Stemming has been used in Query systems such as Web Search Engines, but due to problems of under-stemming and over-stemming it's effectiveness in returning correct results have been found limited. For example, a person searching for 'marketing' may not be pleased with results that will show 'markets' and not marketing. But Stemming may be found useful in other languages and using different algorithms for stemming may result in better outputs. Google search adopted stemming in 2003.

#### Sentiment Analysis
Sentiment Analysis is the analysis of people's reviews and comments about something. It is widely used for analysis of product on online retail shops. Stemming and Lemmatization is used as part of the text-preparation process before it is analyzed.

#### Document Clustering
Document clustering (or text clustering) is the application of cluster analysis to textual documents. It has applications in an automatic document organization, topic extraction, and fast information retrieval or filtering. Examples of document clustering include web document clustering for search engines. Before Clustering methods are applied document is prepared through tokenization, removal of stop words and then Stemming and Lemmatization to reduce the number of tokens that carry out the same information and hence speed up the whole process. After this pre-processing, features are calculated by calculating the frequency of all tokens and then clustering methods are applied.

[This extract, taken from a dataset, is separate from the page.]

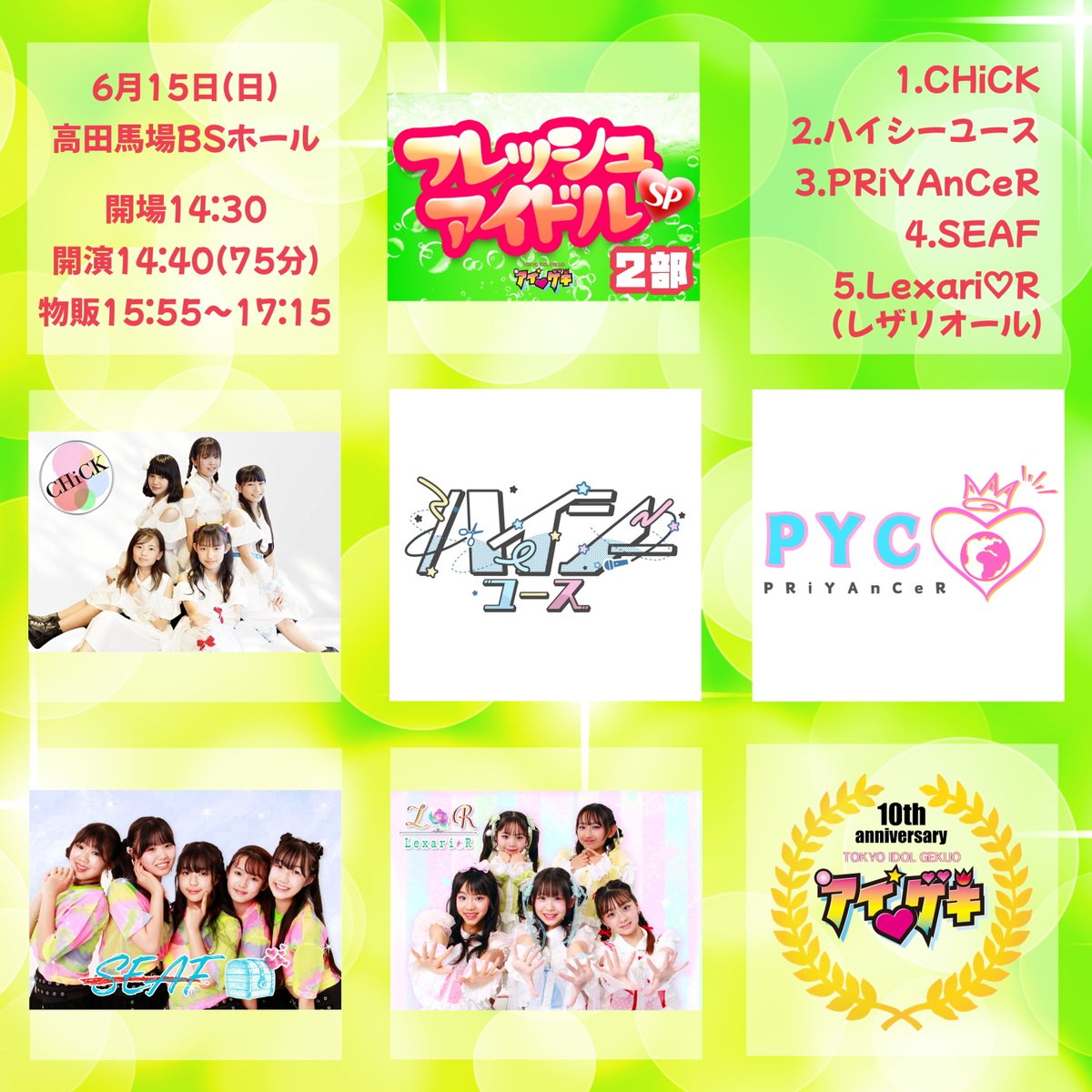tokyoidolgekijo's tweet photo. こんにちわ！☀
6月15日(日)の全公演ラインナップです！🙋‍♀️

## Stemming or lemmatization?

1. Stemming and Lemmatization both generate the root form of the inflected words. The difference is that stem might not be an actual word whereas, lemma is an actual language word.

2. Stemming follows an algorithm with steps to perform on the words which makes it faster. Whereas, in lemmatization, you used WordNet corpus and a corpus for stop words as well to produce lemma which makes it slower than stemming. You also had to define a parts-of-speech to obtain the correct lemma.

So when to use what! The above points show that if speed is focused then stemming should be used since lemmatizers scan a corpus which consumed time and processing. If we are building a language application in which language is important we should use lemmatization as it uses a corpus to match root forms.